VITTORIA – “Nessuna privatizzazione degli spazi verdi e tantomeno nessuna svendita della villa comunale è prevista dal regolamento predisposto dall’Amministrazione e già discusso anche nella Commissione Assetto e Territorio. Solo polemiche pretestuose da parte di chi negli ultimi anni di governo della città non ha saputo garantire decoro e pulizia”. Il consigliere comunale di “Riavvia Vittoria” e presidente della Commissione “Assetto e Territorio” Giuseppe Scuderi interviene in merito al regolamento sulla gestione delle aree verdi che prevede la possibilità da parte di privati cittadini, attività commerciali ed associazioni di “adottarli”. “Per essere chiari – esordisce Scuderi- chi gestirà le aree verdi, che siano aiuole, parchi o zone della villa comunale, si limiterà a gestirne la pulizia e il decoro inserendo una cartellonistica adeguata che seguirà le linee previste proprio all’interno del regolamento. La cattiva gestione di questi ultimi anni e le sempre esigue risorse per gli enti comunali impongono una riflessione per il presente e per il futuro. Piuttosto che lasciare all’incuria e all’abbandono le aiuole all’interno delle rotatorie agli ingressi della città o un piccolo gioiello come la villa, è una scelta di buon senso coinvolgere privati e associazioni per mantenere il decoro”.
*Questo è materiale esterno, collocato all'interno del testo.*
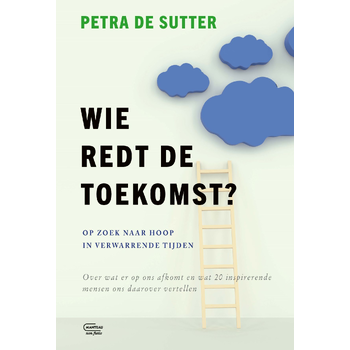 Wie redt de toekomst? (Paperback) bij Singel 344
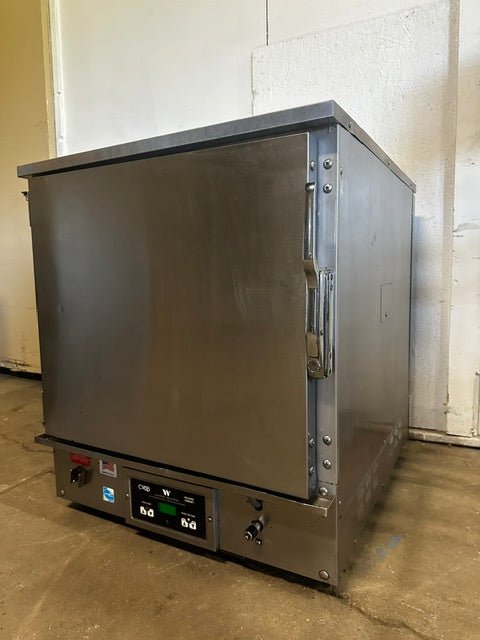 "WINSTON HC4009GE" ELECTRIC 120V 1PH WARMING/HOLDING CABINET ON CASTERS - Second Life-Equipment-collection_name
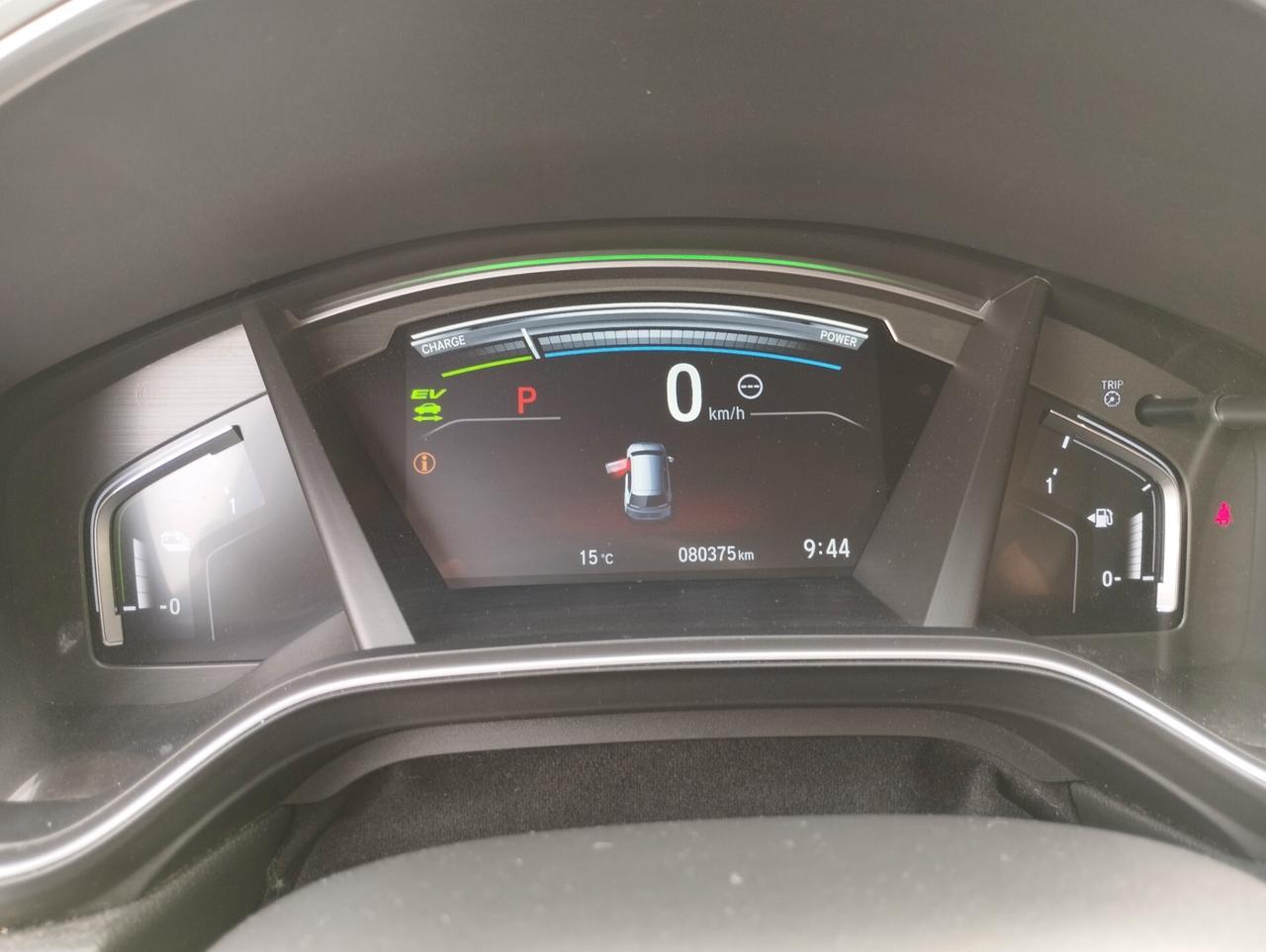 Honda CR-V 2.0 Hev eCVT Executive Navi AWD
Proprio, a proposito della villa comunale Scuderi lancia alcuni spunti: “il coinvolgimento di privati e di associazioni – chiarisce l’esponente di “Riavvia Vittoria”- riguarda la cura di determinati spazi e non dell’intera struttura. L’adozione sarà per tre anni e chi si proporrà per la gestione dovrà attenersi alle linee guida del regolamento. Solo per fare un esempio sarà possibile riqualificare la zona del boschetto ed associazioni o gruppi sportivi potrebbero, per esempio, ripristinare i percorsi dedicati al fitness e al jogging. Chi accusa questa amministrazione di “svendita” lo fa solo in maniera pretestuosa senza lanciare proposte alternative per una gestione ottimale per i cittadini e per l’ente”.